**Task:** When a line in the listing below contains the word "Pack", return a copy of that line.

**Material provided:**
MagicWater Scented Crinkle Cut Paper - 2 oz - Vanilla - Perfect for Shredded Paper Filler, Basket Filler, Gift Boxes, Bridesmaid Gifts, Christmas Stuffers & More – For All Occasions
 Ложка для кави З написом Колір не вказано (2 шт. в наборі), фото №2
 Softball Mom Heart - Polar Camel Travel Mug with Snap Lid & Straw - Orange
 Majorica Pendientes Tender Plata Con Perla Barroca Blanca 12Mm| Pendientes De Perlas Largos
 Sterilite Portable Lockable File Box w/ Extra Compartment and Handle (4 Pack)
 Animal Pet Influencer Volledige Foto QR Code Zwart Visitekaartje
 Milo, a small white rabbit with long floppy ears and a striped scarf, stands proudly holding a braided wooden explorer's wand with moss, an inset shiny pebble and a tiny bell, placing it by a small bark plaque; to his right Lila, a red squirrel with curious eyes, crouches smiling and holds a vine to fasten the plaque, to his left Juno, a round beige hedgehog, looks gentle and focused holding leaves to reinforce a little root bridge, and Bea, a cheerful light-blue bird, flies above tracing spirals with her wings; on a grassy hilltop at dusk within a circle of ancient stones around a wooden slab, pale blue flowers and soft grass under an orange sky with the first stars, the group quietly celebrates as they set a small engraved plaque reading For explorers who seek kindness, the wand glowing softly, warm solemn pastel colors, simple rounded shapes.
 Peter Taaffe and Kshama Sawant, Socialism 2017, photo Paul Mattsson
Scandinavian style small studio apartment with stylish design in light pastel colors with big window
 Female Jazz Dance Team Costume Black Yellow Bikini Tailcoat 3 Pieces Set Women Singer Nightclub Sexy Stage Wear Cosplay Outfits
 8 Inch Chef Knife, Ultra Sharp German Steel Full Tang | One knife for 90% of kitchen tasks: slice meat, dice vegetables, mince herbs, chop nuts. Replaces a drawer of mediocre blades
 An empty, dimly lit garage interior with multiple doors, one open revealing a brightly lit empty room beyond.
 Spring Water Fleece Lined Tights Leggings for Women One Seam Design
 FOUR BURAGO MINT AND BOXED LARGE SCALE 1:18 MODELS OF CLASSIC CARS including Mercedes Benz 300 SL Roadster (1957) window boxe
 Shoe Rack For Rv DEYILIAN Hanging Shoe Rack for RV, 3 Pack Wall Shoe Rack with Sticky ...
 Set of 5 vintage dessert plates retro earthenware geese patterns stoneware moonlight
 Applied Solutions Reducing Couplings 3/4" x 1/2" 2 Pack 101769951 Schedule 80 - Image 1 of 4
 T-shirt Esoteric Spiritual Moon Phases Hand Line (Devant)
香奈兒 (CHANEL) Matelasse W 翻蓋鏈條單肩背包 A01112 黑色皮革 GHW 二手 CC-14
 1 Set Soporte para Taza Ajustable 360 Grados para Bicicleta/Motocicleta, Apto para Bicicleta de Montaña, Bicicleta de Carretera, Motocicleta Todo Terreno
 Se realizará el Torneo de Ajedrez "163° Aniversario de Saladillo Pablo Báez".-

**Response:**
 Sterilite Portable Lockable File Box w/ Extra Compartment and Handle (4 Pack)
 Shoe Rack For Rv DEYILIAN Hanging Shoe Rack for RV, 3 Pack Wall Shoe Rack with Sticky ...
 Applied Solutions Reducing Couplings 3/4" x 1/2" 2 Pack 101769951 Schedule 80 - Image 1 of 4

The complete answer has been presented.